*** Block opens ***

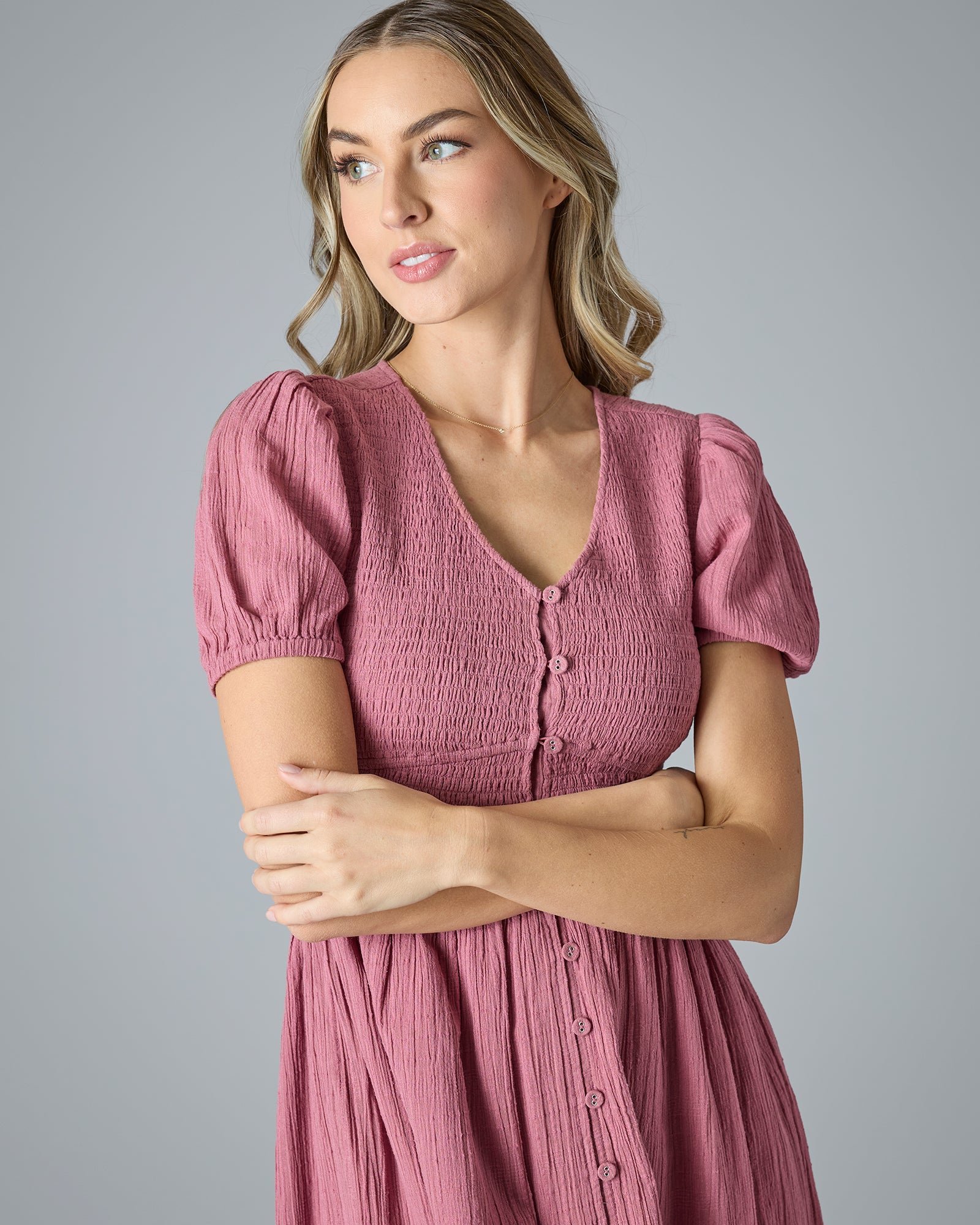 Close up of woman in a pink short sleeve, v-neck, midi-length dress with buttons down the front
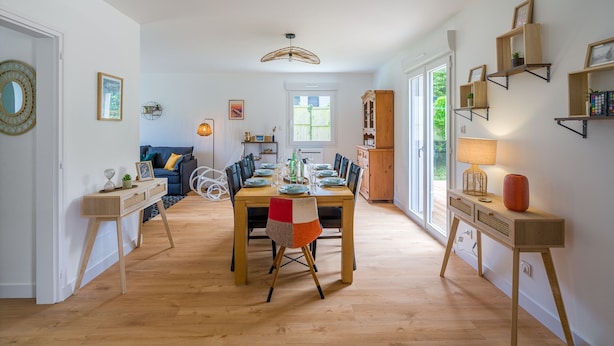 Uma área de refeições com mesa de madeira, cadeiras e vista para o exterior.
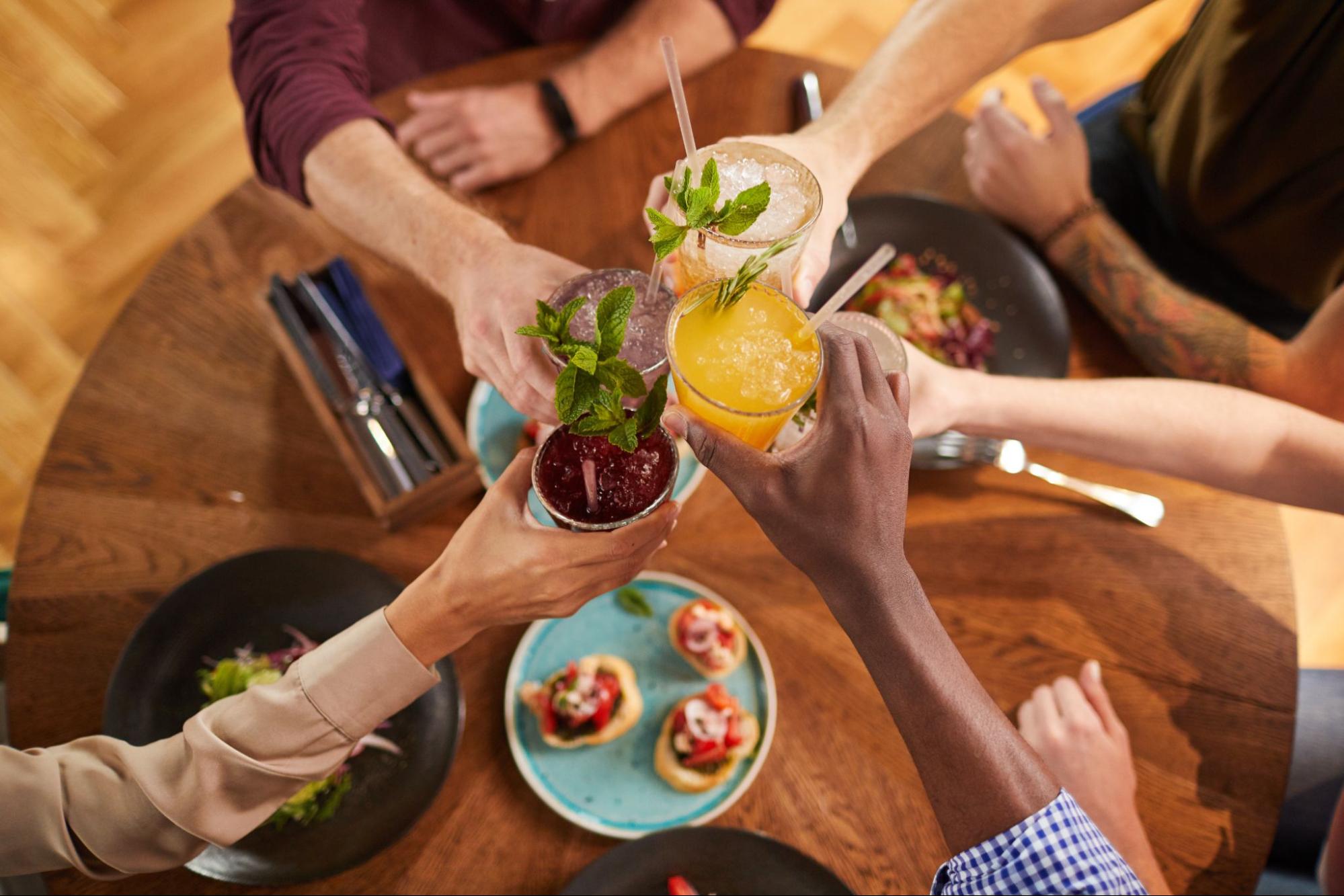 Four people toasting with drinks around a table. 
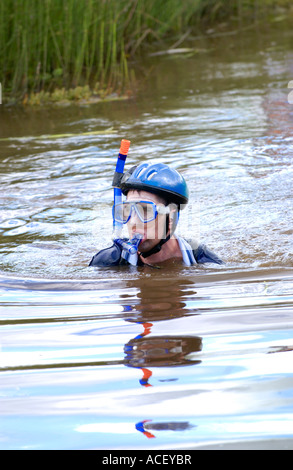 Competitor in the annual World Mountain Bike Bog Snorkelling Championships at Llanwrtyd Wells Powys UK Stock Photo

*** Block closes ***

## What is expected
Pictures aside, print every line of the material exactly.

## Exercise output
 Close up of woman in a pink short sleeve, v-neck, midi-length dress with buttons down the front
 Uma área de refeições com mesa de madeira, cadeiras e vista para o exterior.
 Four people toasting with drinks around a table. 
 Competitor in the annual World Mountain Bike Bog Snorkelling Championships at Llanwrtyd Wells Powys UK Stock Photo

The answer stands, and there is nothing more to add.